ChatGPT developed by OpenAI ignited new interest in AI around the world. Now, however, Qiu Xipeng’s team from the School of Computer Science at Fudan University have released their own ChatGPT-like model, MOSS, on February 20. Xinmin Evening News, a state-owned newspaper, introduced the MOSS in detail.
The most exciting day for the team was January 19. Sun Tianxiang, the main developer of the project and a doctoral student from the School of Computer Science, asked MOSS a Chinese question during the test, but MOSS answered it correctly in English. At that time, the version of MOSS was still very rudimentary, and the Chinese corpus accounted for less than 0.1% of all training data.
The team hadn’t yet taught it machine translation, so they were thrilled by the potential that MOSS showed. Qiu Xipeng compared MOSS to a “smart child”. Even though it is not good at writing poems, solving problems or any one thing in specific, it has shown the potential to become a framework of artificial general intelligence (AGI).

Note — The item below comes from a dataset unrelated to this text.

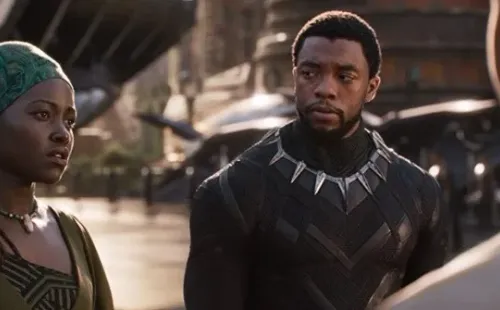 Chadwick Boseman en Black Panther 1. Foto: (IMDB)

Qiu began to research machine learning when he was a PhD student and entered the natural language processing research field after becoming a teacher at Fudan University. He and his team have developed many innovative research results on the basic model and algorithm of natural language processing. His book “Neural Networks and Deep Learning” is on the list of many “must-read books for artificial intelligence majors”.
Qiu describes ChatGPT as having as many as 175 billion parameters, while MOSS has only about 1/10 of that. At present, some users who have participated in the alpha test phase said that, although MOSS has less parameters than ChatGPT and the coverage of factual problems is not comprehensive enough, the basic functions of ChatGPT have been realized. Qiu believes that in the near future, large language models such as MOSS will become as conventional as search engines, providing help for all aspects of people’s lives. The new model is expected to be finished by the end of March.
MOSS was not developed overnight. Since 2021, the team has started to make Chinese generative pre-training models, which are available for others to download. Later, the concept of “language model as a service” was put forward and training in large language models started last year. They then took another half a year to study how to make large language models understand human instructions and have the ability to talk.
OpenAI announced on March 1 that it’s now letting third-party developers integrate ChatGPT into their apps and services via an API and that doing so will be significantly cheaper than using its existing language models. The company also is making Whisper, its AI-powered speech-to-text model, available for use through an API. The Whisper API is accessible through transcriptions or translation endpoints, which can transcribe or translate the source language into English.